小麦色に焼けた肌に短髪。イケメンの部類ではあるが、猿顔が苦手な私にとってはタイプから外れている。しかし、そこら辺を歩いていたら普通にカッコいいと思うレベルだ。
(って……私はどの目線からものを言っているのだろう)
男性を目利きすることが増えるので、女風を使い続けていたら性格が歪みそうだ。
挨拶もそこそこにして、ホテルに案内してくれる。
途中で思い出したかのように「手繋いでもいいですか?」と聞かれる。
手を繋ぐと、手のひらに汗をかいていて、相手の緊張が伝わってくる。
スマートに近くのホテルまで案内されるが、土日だったこともあり、部屋が一つしか空いてなかった。
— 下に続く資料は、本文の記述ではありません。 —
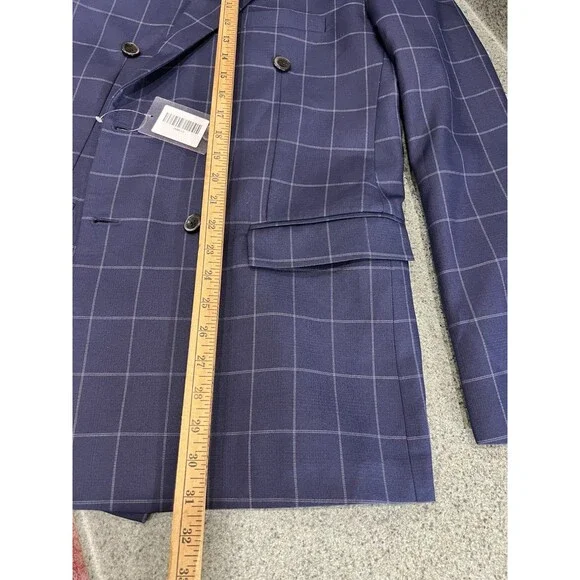 French Crown Men's 42 Blue Windowpane Pattern Wool Rich Double Breasted Suit NEW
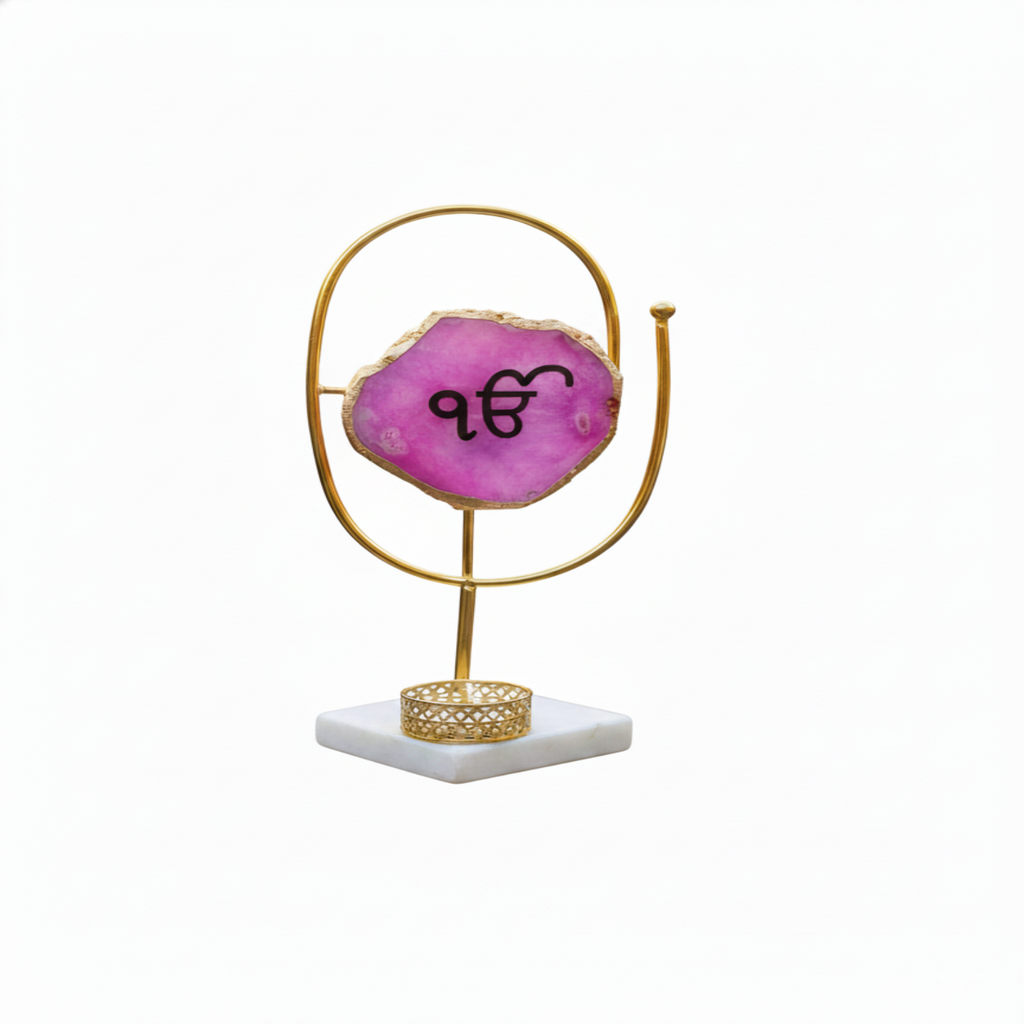 Agate Ik Onkar Oval Shape Metal Showpiece- Pink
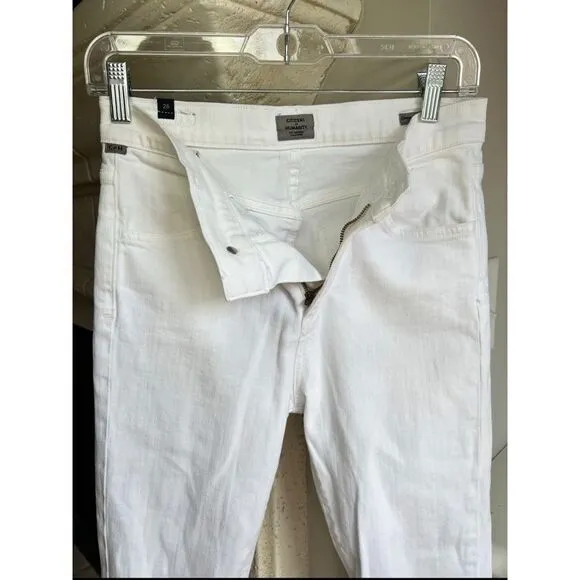 Citizens Of Humanity Drew Flounce Ruffle Flare High Rise White Jeans Sz 26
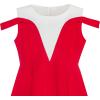 Sunny Fashion Girls Dress Red White Cold Shoulder Color Contrast Holiday(Red)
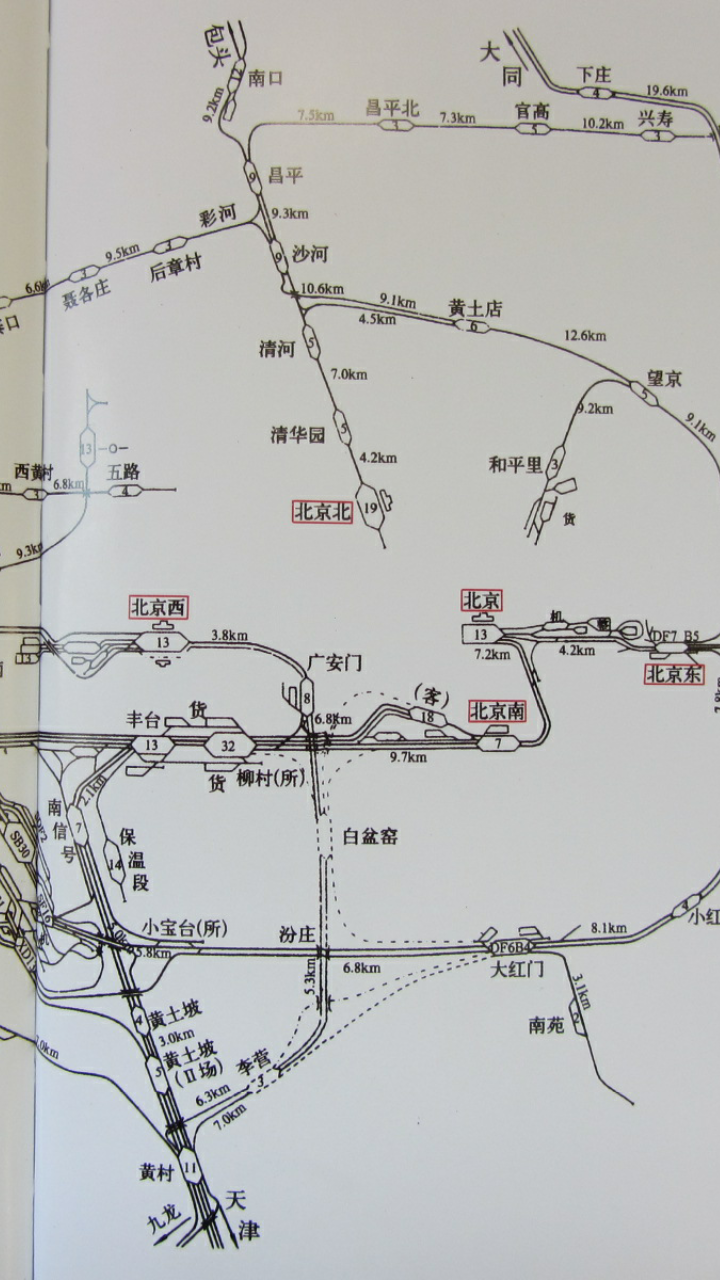 一图以蔽之:因为北京西和北京南不在一条线路.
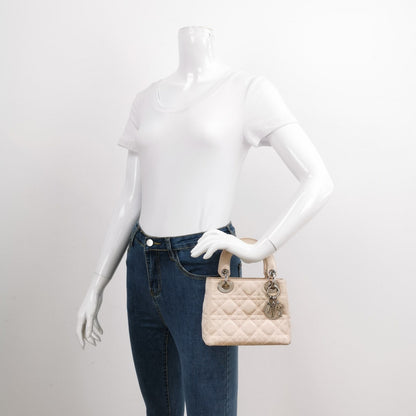 Lady Dior Mini 2004 Beige Silk Handbag Silver Hardware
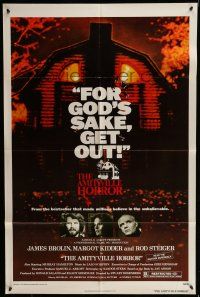 7h050 AMITYVILLE HORROR 1sh '79 great image of haunted house, for God's sake get out!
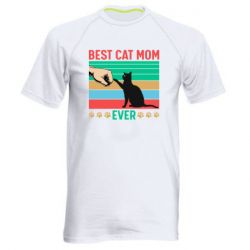 Мужская футболка для спорта Best cat mom ever - PrintSalon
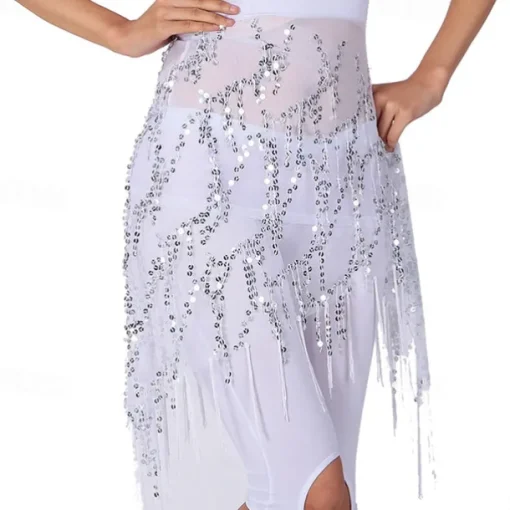 Belly Dance Dance Accessories Belt Glitter Tassel Pure Color Women's Performance Training High Polyester Sequined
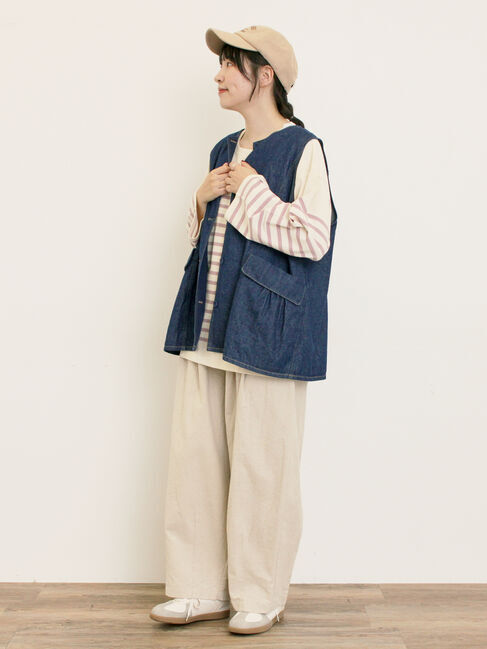 Samansa Mos2「パネルボーダーロングスリーブカットソー」|Tシャツ・カットソー|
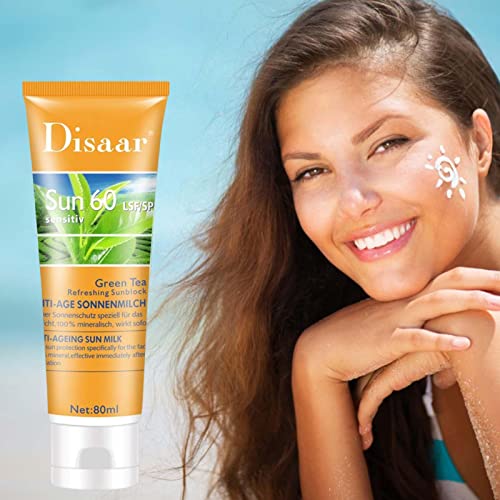 Face Sunscreen, 80ml Skin Sun Protection, SPF60 Moisturizing Repair Concealer Isolation, Long-Lasting Sun Protection for Sunburn Redness Woteg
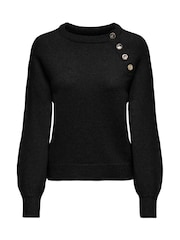 ONLY Black Button Detail Round Neck Knitted Jumper - Image 4 of 5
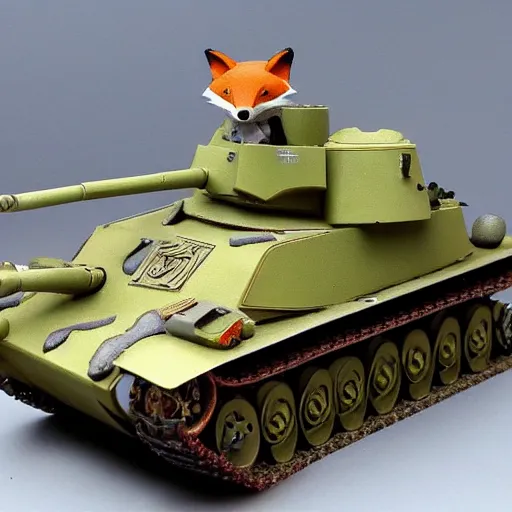 Prompt: combination! of a fox and a panzer tank, extremely detailed,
「ここでいいですか?」とタッチパネルで示された部屋の金額は……休憩1万6千円。
いいわけない。高すぎる!
「ちょっと高いかなぁ……」
「そうですか……でも、俺、このホテル以外、よく知らなくて」
いやいや、来る前に調べないんかい。というツッコミは置いといて、私は過去の記憶を辿って別のホテルに向かった。90分で4000円以内という良心価格。
しかし、そこの部屋は空調が効いてなかった。
4月なので耐えきれないレベルではないが、暑い。
「ごめんね。こんな部屋選んじゃって……」
「大丈夫ですよ。俺の方こそ、案内できなくてごめんなさい」
モネくんの時と同様に床に跪いて、手を握られる挨拶から始まる。
「えっと……はじめまして、サトルです。今日はお時間いただき、ありがとうございます」
物凄く辿々しかった。
確かに、この挨拶は慣れないと恥ずかしそうだ。
私も軽く自己紹介をして、カウンセリングに移っていく。
「どうしてモニターを利用しようと思ったの?」
「えっと、その……」
今日限りでしか会わない相手に自分の職業をさらすのは気が引けた。
どうやって答えようか迷っていると……
「やっぱり、無料だから利用しようと思った?」と笑い飛ばされる。
(いやいや、失礼すぎん?)
しかし、無料であることに誘われたのも事実なので、私は大人しく頷くことにした。
カウンセリングの後はお互いにシャワーを浴びて、ベッドに上がる。
しかし、サトルくんは緊張して硬直している。
(まだデビューしてない新人さんだから緊張するよね)
「緊張しなくても大丈夫だよ。ほら」と言って、私はサトルくんを抱きしめる。
「ご……ごめんなさい。普通に可愛い人が来たから緊張して」
「何、その普通に可愛いって。もっとやばい女が来ると思った?」
「うん……モニターって、そういうものだと思ってたから」
この子、すべてにおいて正直すぎかよ。
デビューしてもやっていけるのか?と思いつつも、可愛いと褒められたのは嬉しかった。
モネくんの時も可愛いと褒めてくれることはあったが、営業トークの一貫にしか聞こえなかった。恐らく、彼はベテランなので可愛いお客さんに見慣れているからだろう。
しかし、この子の場合は本音に感じる。
というか、そもそも女性経験すら乏しいように見える。
「若そうに見えるけど、いくつ?」
「今年で22歳です」
「おっふ……10個も年下じゃん。これ犯罪じゃない?」
「え、ゆうさんって32歳なんだ。見えない。20代だと思った」
「えへへ、もっと言って、言って」
リップサービスで場の空気が温まったところでマッサージに入る。
マッサージのバイト経験があるらしく、上手かった。しかし、性感の方は……
「もう終わりの時間なんだけど……イケた?」
「う、うん! イケたよ!」
嘘である。
だけど、一生懸命頑張ってくれてることはわかったし正直に言うのも気が引けた。
痛くはなかったし、濡れることも出来たので十分満足していた。
「今日はありがとう」
「こちらこそ。デビューしたら頑張ってね!」
サトルくんと別れた後にアンケート結果をお店に送る。
すると、お店の人から枠が空いているので、もう一人モニターをしないかと誘われる。
正直言って、物足りない気持ちがあったので、翌週にもモニターの予約を入れたのだった。
ちなみに言うと、サトルくんがホームページに上がることはなかった。
彼はセラピストデビューできなかったのだった。